Conclusion: The relationship between metrics and human perception is highly dataset-specific, not universal. Only the Trust Score showed a weak but significant aggregate correlation ( $r=0.307$ ).

B. Failure of Predictive Modeling

Linear Models: Linear regression consistently failed, yielding strongly negative $R^2$ values (mean $R^2 = -1.253$ ), indicating that linear combinations of metrics cannot explain human rating variance.
Non-Linear Models: While Random Forest (RF) performed best among non-linear models, its predictive power remained low (mean $R^2 \approx 0.067$ ).
The "More is Less" Phenomenon: Increasing the number of metrics in the predictive model did not improve performance. In fact, performance peaked at 3–4 metrics and then degraded as more metrics were added. This suggests that current metrics do not provide complementary information regarding human perception; instead, they introduce noise.

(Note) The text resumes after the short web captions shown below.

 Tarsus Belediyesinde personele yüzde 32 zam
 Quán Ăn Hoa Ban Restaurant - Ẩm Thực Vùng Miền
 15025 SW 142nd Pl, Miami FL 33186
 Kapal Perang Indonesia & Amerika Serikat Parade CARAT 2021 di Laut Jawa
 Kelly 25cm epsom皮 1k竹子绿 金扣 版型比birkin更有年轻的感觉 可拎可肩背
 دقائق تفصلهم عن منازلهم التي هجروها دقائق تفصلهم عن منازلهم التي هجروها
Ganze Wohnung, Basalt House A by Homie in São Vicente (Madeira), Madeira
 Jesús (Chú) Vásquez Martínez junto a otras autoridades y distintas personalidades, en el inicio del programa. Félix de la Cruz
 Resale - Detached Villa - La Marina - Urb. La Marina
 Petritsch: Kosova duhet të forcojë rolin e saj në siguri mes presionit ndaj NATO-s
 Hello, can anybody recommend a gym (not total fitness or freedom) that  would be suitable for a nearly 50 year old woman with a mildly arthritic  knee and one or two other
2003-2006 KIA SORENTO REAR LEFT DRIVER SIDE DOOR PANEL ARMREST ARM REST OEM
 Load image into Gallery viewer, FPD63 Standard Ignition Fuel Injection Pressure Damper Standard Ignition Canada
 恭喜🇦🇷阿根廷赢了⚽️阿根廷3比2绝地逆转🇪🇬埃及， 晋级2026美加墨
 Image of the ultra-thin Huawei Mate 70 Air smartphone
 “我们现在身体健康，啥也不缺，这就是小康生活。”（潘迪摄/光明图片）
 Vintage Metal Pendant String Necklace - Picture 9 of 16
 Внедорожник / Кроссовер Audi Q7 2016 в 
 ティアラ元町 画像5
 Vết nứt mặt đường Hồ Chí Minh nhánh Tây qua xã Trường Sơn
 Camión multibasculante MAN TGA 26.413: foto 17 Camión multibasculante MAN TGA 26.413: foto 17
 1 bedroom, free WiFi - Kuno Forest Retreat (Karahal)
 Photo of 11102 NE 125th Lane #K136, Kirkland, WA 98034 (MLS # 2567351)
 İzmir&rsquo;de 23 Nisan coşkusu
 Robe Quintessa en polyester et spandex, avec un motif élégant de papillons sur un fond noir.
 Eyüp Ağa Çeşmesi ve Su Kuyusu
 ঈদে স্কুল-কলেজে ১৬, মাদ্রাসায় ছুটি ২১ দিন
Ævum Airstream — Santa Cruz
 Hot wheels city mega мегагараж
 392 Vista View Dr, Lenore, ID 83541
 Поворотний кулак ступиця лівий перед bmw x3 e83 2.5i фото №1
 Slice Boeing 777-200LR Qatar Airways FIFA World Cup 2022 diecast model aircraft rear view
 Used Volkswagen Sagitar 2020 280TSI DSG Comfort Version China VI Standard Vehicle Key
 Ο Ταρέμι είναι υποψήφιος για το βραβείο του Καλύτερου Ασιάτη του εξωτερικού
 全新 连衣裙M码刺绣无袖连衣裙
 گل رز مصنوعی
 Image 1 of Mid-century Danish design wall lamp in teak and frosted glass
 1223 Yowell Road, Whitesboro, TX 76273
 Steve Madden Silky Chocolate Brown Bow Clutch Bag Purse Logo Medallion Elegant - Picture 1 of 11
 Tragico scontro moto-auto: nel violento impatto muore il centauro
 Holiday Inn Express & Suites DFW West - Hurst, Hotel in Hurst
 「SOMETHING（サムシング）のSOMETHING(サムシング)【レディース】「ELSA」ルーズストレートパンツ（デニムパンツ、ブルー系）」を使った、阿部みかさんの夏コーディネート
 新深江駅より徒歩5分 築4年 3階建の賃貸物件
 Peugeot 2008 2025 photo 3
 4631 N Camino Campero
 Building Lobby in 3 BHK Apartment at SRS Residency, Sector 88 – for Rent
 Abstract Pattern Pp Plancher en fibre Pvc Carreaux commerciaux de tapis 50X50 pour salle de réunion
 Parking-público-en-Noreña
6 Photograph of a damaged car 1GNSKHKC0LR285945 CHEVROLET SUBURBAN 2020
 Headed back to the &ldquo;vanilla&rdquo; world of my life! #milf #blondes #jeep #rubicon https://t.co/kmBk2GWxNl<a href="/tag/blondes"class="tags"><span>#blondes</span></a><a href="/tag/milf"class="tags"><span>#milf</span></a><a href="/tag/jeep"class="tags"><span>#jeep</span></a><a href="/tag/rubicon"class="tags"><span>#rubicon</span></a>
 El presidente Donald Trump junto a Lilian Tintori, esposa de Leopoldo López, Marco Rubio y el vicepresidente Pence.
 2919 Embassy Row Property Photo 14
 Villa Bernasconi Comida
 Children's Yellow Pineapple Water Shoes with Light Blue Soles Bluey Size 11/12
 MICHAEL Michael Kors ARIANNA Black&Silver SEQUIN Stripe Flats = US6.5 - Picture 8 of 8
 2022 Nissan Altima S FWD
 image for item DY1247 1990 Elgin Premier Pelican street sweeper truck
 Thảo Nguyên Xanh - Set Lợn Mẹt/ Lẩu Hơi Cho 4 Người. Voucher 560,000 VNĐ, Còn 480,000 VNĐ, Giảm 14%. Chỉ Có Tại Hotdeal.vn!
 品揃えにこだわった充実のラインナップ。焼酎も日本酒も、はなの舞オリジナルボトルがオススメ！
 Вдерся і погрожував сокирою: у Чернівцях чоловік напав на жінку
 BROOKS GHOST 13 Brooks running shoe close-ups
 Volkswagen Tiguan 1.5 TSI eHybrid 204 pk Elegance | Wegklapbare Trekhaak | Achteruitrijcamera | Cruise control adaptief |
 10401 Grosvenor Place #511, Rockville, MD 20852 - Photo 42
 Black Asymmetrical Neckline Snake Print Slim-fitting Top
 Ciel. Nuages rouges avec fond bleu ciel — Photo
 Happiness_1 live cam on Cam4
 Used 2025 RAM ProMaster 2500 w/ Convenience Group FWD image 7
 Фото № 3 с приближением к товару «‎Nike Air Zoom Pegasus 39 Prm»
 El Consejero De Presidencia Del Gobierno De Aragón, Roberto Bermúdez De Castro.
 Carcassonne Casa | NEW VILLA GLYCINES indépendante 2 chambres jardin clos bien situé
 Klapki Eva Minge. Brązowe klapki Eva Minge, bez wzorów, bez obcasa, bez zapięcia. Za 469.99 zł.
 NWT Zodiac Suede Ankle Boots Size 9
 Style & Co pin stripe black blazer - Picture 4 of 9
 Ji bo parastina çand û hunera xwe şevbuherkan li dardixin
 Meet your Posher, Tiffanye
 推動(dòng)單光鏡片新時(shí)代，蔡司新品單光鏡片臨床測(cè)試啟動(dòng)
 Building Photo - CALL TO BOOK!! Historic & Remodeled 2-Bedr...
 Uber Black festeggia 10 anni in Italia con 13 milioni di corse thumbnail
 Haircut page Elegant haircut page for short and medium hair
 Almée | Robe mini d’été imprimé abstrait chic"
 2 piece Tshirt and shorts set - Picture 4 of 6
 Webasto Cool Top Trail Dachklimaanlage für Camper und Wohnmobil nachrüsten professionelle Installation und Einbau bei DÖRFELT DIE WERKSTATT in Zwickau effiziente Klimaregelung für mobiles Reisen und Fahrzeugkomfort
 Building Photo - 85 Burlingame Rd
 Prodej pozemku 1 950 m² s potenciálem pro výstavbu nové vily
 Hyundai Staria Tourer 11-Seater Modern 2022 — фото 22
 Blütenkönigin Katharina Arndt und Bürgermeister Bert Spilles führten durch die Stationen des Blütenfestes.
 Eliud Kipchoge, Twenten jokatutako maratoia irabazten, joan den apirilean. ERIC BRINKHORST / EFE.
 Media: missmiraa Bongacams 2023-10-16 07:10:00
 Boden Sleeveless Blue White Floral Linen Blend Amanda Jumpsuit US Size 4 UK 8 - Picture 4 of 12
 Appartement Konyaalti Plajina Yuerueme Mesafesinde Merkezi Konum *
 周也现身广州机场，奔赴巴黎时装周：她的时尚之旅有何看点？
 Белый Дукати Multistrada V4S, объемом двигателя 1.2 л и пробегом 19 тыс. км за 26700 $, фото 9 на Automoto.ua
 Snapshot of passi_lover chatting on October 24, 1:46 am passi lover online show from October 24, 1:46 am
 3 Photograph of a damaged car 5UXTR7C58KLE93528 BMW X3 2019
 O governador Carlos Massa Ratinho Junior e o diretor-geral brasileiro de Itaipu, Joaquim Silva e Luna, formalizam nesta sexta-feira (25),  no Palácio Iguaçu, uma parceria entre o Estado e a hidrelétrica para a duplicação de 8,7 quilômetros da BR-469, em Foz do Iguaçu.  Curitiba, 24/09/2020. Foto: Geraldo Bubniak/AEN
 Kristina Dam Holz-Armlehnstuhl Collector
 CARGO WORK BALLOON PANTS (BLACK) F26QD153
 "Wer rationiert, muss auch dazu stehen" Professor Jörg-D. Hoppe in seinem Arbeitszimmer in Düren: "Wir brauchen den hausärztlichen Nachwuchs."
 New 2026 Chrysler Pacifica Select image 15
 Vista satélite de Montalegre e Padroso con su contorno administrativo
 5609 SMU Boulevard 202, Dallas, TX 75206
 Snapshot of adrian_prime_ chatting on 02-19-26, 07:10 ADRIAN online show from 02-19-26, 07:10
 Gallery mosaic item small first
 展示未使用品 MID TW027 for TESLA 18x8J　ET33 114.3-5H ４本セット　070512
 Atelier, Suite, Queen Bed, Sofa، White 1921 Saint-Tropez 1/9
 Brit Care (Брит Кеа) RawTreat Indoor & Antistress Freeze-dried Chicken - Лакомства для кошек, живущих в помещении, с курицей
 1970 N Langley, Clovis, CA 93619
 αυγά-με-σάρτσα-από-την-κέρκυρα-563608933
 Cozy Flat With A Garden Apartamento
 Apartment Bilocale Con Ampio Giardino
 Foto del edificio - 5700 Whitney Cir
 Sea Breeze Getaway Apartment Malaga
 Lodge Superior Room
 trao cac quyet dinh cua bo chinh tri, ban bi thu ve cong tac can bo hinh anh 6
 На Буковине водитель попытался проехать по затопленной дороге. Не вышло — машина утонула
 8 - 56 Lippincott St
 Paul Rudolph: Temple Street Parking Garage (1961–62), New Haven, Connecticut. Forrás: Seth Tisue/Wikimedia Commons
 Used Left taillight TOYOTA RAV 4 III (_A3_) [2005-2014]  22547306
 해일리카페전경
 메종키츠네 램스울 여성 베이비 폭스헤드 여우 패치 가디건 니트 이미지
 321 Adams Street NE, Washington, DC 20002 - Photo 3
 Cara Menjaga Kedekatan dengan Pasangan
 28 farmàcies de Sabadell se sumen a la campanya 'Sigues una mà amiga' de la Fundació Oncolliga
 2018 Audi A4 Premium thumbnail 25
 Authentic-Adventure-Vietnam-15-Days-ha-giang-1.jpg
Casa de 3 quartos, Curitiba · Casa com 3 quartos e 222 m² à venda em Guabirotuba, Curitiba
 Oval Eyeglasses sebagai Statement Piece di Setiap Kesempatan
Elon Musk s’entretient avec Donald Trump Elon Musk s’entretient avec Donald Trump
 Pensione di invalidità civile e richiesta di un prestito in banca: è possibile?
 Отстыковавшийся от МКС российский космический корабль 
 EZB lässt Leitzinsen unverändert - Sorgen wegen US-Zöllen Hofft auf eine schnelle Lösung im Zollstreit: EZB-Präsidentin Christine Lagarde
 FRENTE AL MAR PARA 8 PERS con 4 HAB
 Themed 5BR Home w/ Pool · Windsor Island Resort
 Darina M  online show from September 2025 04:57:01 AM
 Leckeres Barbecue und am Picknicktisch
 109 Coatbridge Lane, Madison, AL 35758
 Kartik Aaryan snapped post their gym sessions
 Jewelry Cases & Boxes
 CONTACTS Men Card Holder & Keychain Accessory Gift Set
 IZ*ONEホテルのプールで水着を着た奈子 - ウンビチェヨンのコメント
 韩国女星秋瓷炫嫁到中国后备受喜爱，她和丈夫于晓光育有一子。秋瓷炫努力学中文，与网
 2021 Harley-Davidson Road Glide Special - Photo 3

5. Significance and Implications

Structural Mismatch: The study provides strong evidence that current automated metrics quantify properties (e.g., mathematical distance, sparsity) that do not align with what humans value (e.g., context, actionability, psychological plausibility).
Critique of Current Practices: Relying on automated metrics as proxies for human evaluation in XAI research is fundamentally flawed. Reporting multiple metrics side-by-side does not solve the problem if the underlying metrics are uncorrelated with human judgment.
Future Direction: The field must move toward human-centered evaluation. Future metrics should be grounded in cognitive science and validated against user perception rather than purely computational objectives.
Limitations: The study is limited to tabular data, a single CF generation method, and lay participants. However, the robustness of the negative findings suggests the misalignment is a structural issue in the field, not just a sample artifact.

In summary, the paper concludes that widely used counterfactual evaluation metrics fail to reflect key aspects of explanation quality as perceived by users, necessitating a paradigm shift in how XAI systems are assessed.